Outside, Ria has deposited the woman out in the standard containment unit. The body bag for the living didn’t look much different—except for the mounded air intake sucking in O2–sounding like the bastard child of Count Dracula and Darth Vader having an asthma attack.
“Think she’ll make it, Andy?” Ria Bacter asks with a cold indifference to the answer. She flags the ambulance as it rounds the corner. They know the drill.
“If they can administer the ‘chicken soup’ in time. Maybe.” Officer AV is not confident enough to make assumptions past that. “And that’s Officer Virile to you, Bacter.”
“I think you mean viral.” Ria snarks at him. She holsters the can of government-issued Lysol with a quick flick of her wrist. She’s been practicing, AV is impressed.
“That’s not what the ladies say.” AV offers his own sly grin. “Feel free to ask around.”
“Ohh, someone thinks his bad self is too hot to touch.” Ria saunters to where hazmat has set up the decon tent. She shoots him a sardonic look. “Rumor has it, you are passed from woman to woman like a common cold. You should come with a surgeon’s general warning: ‘Do not exceed recommended dosage.’ Better watch it, Viral. Or they’ll bag your ass as soon as look at it.”
AV watches as the woman Ria tagged is hauled into the back of the contamination wagon—it shoots screaming down the block interrupting his snappy comeback. Entering the tent, he calls to her as he peels off his own suit.

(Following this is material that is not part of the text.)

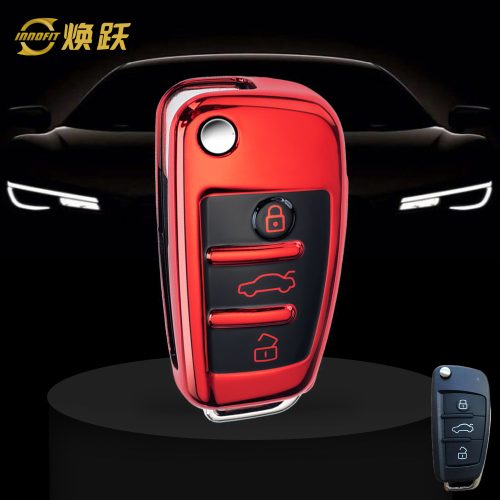 AUD1T1-Black Glue Style-Red Plating- Car Key Cover For Audi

“As long as they’ve got my ass in their sites, they might as well get a good, long look at it.” He’s peeling to the skin when his partner whistles behind him. He whirls to catch her eyeing his physical attributes.
“Woo Whee. I guess they better of ought to, then. Some ills are worth dying for.” Ria flutters a hand as though wracked with heart palpitations, then, snatching up a nearby black bag, she whips the decon pack at his head, just missing hitting him in the teeth as he grins back at her.

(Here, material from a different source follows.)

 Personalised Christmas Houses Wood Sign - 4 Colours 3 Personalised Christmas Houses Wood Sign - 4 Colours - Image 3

“It’s all in a days’ work for the phlegm squad, Bacter.” He shouts, before hauling himself into the air vents blasting a Lysol-dense germ retardant. “Some days, a good end is all you can hope for.”***
Asterisk Bedazzled Footnotes:
*I considered calling the show ‘Hazmat Cops’ but then got distracted writing lyrics to the show:
“Flu Cops, Flu Cops…watcha gonna do?
Watcha gonna do when hazmat comes for you?”
**All police jargon gleefully stolen from Caissa’s Web.
***And my, was his asterisk utterly bedazzling!
Footnote: I will be body bagging it until I kick this virus’s ass or until Officer Viril comes calling–I’m not sure which to hope for.